━━━ SUPPLIED DATA

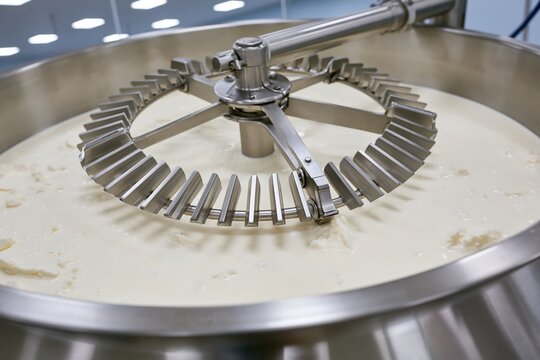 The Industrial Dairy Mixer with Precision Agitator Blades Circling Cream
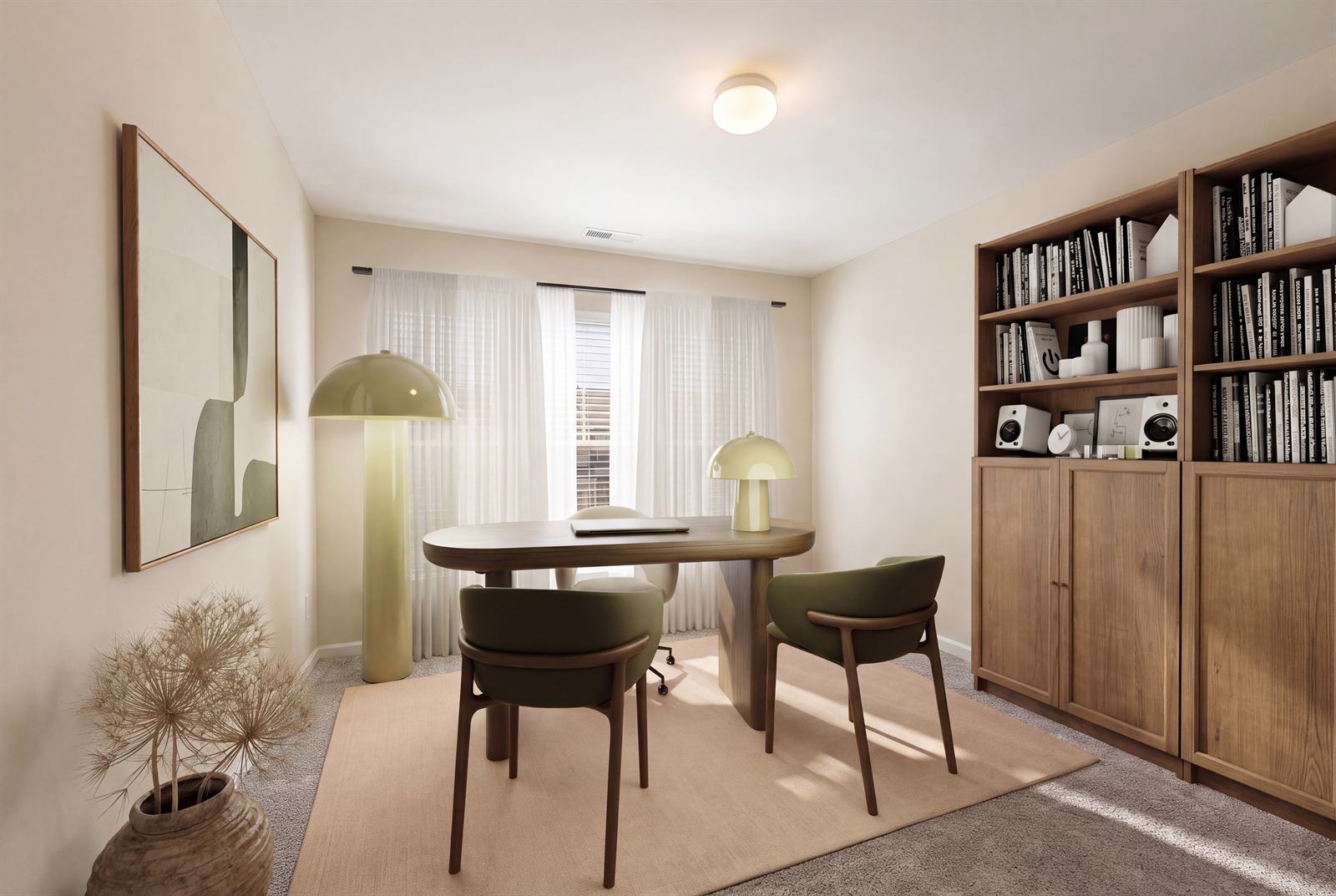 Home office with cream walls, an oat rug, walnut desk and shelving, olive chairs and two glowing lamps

━━━━━━
━━━ SUPPLIED DATA

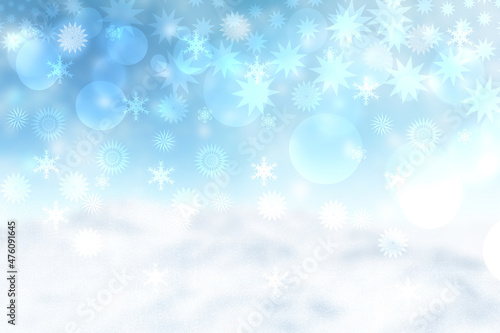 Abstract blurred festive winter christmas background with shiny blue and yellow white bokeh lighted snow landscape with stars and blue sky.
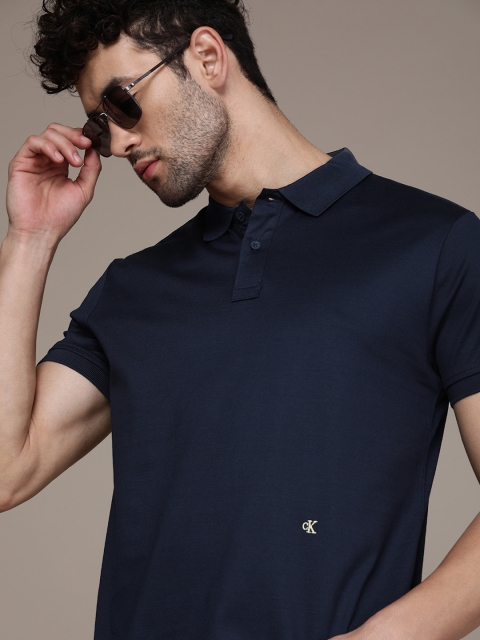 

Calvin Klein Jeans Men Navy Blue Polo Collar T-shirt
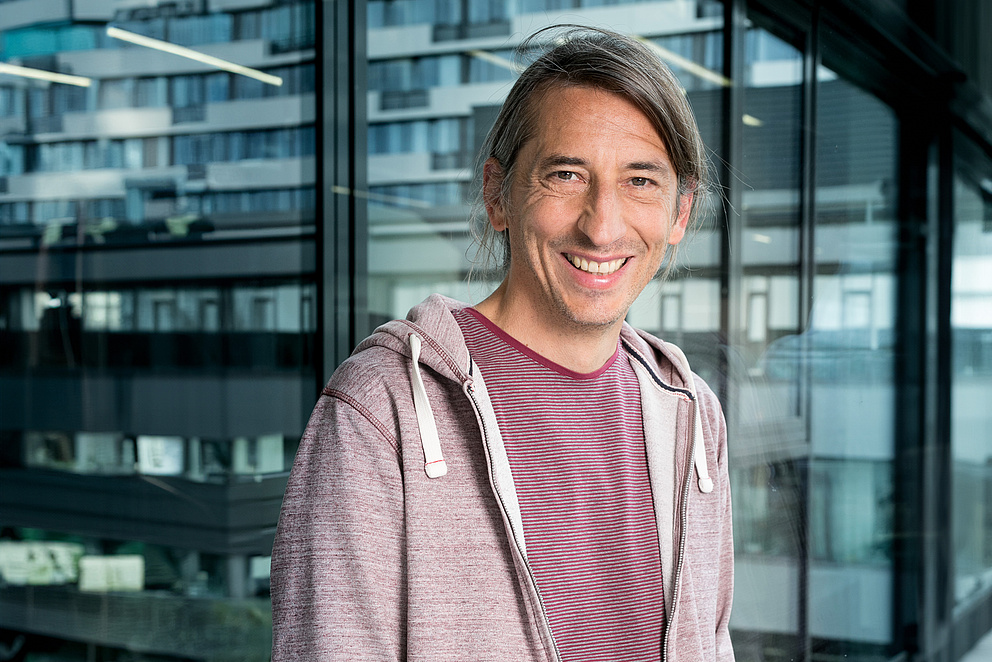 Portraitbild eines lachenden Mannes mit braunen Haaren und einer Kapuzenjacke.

━━━━━━
━━━ SUPPLIED DATA

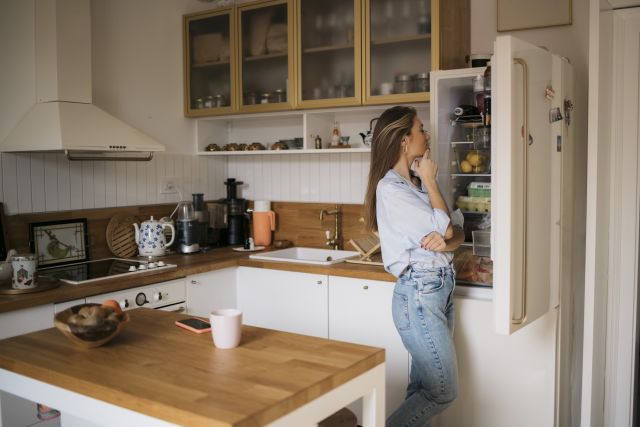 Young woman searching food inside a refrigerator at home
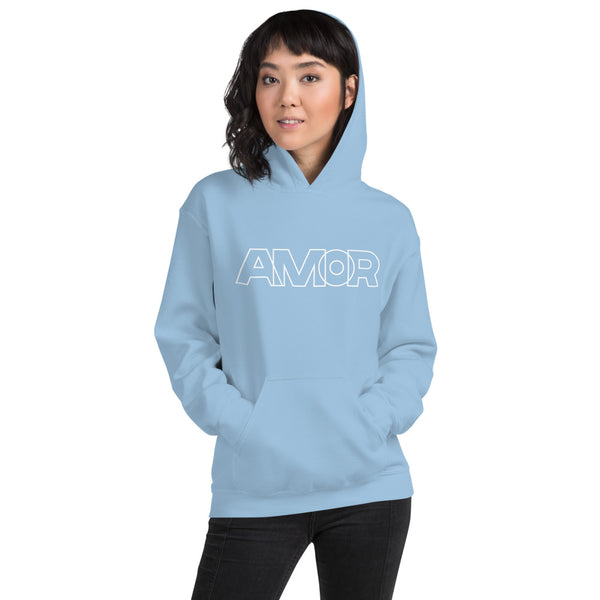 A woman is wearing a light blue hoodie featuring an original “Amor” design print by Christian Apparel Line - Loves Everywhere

━━━━━━

* _PROBLEM DETAILS_: Would you copy the lines above exactly, starting with the one that has "The Industrial Dairy" and ending with the one that has "Home office with", both included, without the pictures?

* _EXERCISE OUTPUT_:
 The Industrial Dairy Mixer with Precision Agitator Blades Circling Cream
 Home office with cream walls, an oat rug, walnut desk and shelving, olive chairs and two glowing lamps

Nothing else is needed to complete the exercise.